Governo reserva R$ 14 bilhões para atender a grevistas

Se todas as reivindicações fossem atendidas gastos seriam de cerca de R$ 92 bilhões; ministro vai à Justiça para tentar barrar protestos

TÂNIA MONTEIRO, VERA ROSA, DÉBORA ÁLVARES / BRASÍLIA, LUCIANA NUNES LEAL / RIO, O Estado de S.Paulo

17 de agosto de 2012 | 03h06

O ministro-chefe da Secretaria-Geral da Presidência, Gilberto Carvalho, disse ontem que R$ 14 bilhões é o número inicial com que o governo trabalha para conceder reajuste para os servidores públicos federais das cerca de 30 categorias que estão em greve. Nos bastidores, integrantes do governo falam em margem para chegar até R$ 22 bilhões.

Carvalho rechaçou acusações de que o Planalto esteja fechado para o diálogo e pediu "bom senso" aos grevistas. Mas o governo entrou ontem à noite no Superior Tribunal de Justiça (STJ) com pedido de liminar para que seja decretado o fim da operação-padrão dos policiais federais e dos policiais rodoviários nos aeroportos e nas estradas.

A ação foi encaminhada ao STJ pelo ministro da Justiça, José Eduardo Martins Cardozo, e pela Advocacia-Geral da União. "Além disso também determinamos ao diretor-geral da Polícia Federal e ao da Polícia Rodoviária Federal que sejam abertos processos disciplinares contra os que estiverem usando os cargos contra o interesse público, caso se verifique abuso de poder", disse Cardozo. A expectativa do governo é que a operação-padrão seja decretada ilegal pela Justiça.

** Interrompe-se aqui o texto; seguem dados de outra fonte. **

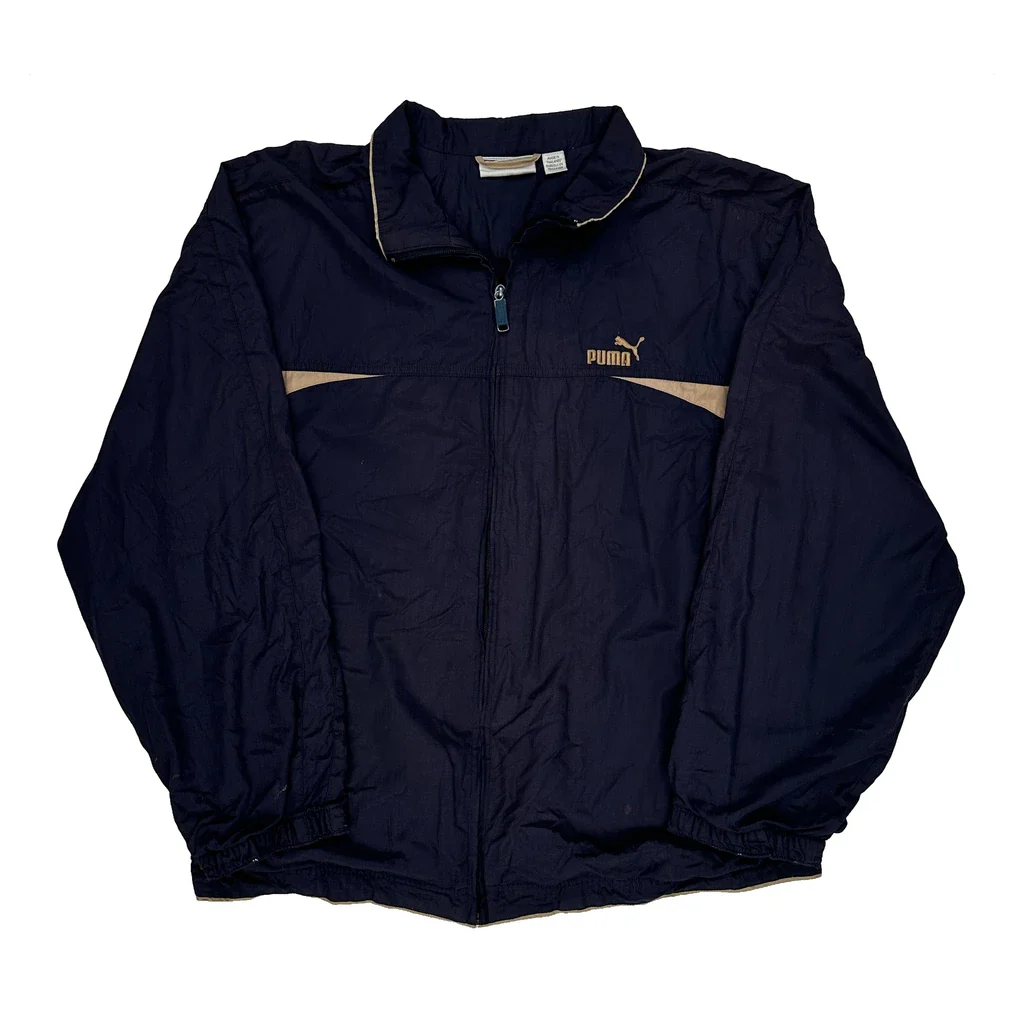 Puma Windbreaker - Large Navy Polyester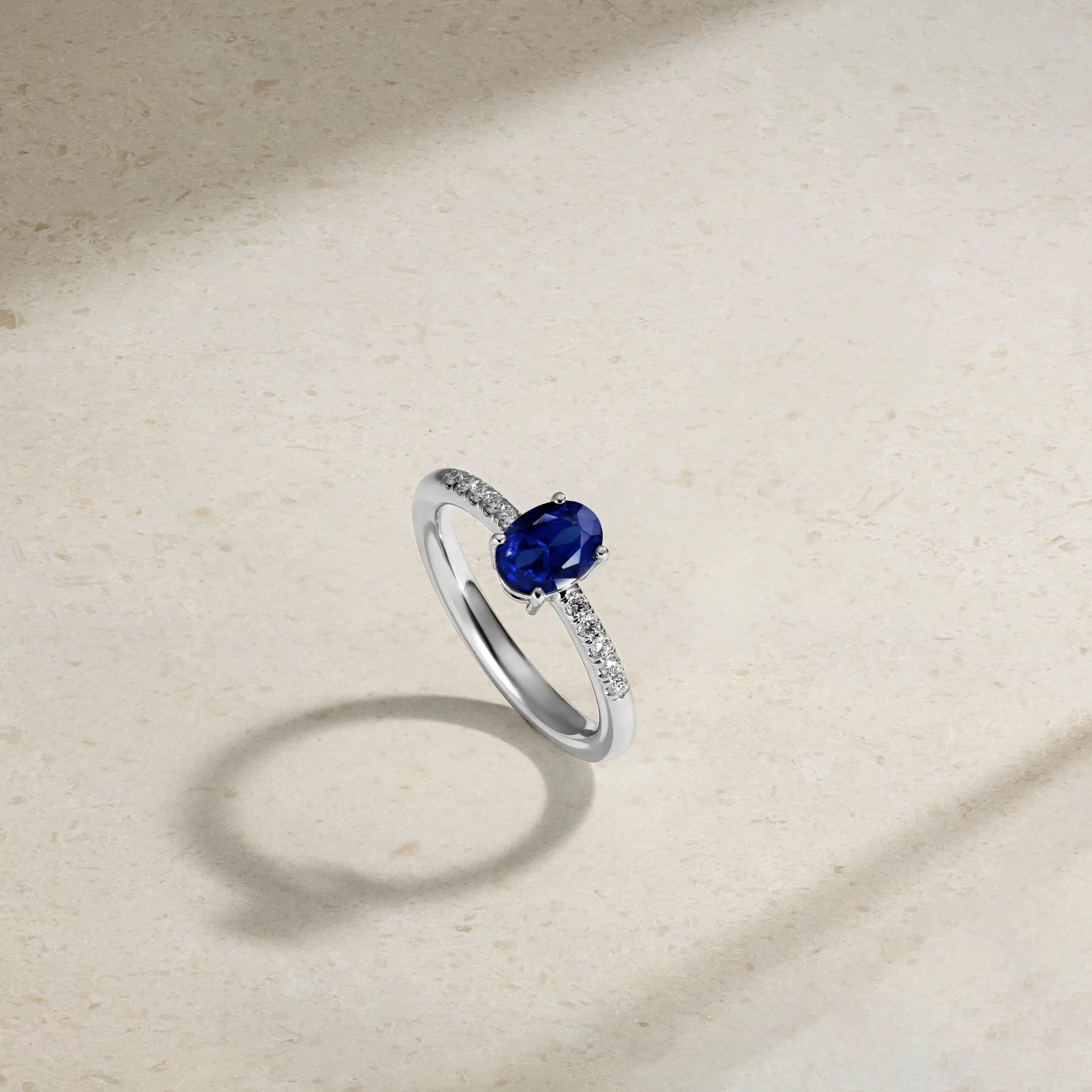Celeste Sapphire and Diamond Ring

Mais cedo, ao participar de um seminário no Rio, o ministro já havia deixado claro a irritação com as manifestações da PF. "Em aeroportos e estradas temos situações que ultrapassam o limite da legalidade, como uma pessoa aposentada que vai a uma unidade exercer poder de polícia que não lhe cabe. É uma ilegalidade afrontosa."

Aumentos. O espaço orçamentário delimitado pelo governo, porém, não será capaz de atender nem à metade das reivindicações das mais de 36 categorias em greve. Além de ser bem abaixo dos R$ 92,2 bilhões necessários, segundo o governo, para atender a todas demandas, parte desse valor já está comprometida com os professores e técnicos administrativos das universidades e institutos federais. No Planejamento, também não há consenso sobre a concessão de um aumento linear de 5% para todos os grevistas.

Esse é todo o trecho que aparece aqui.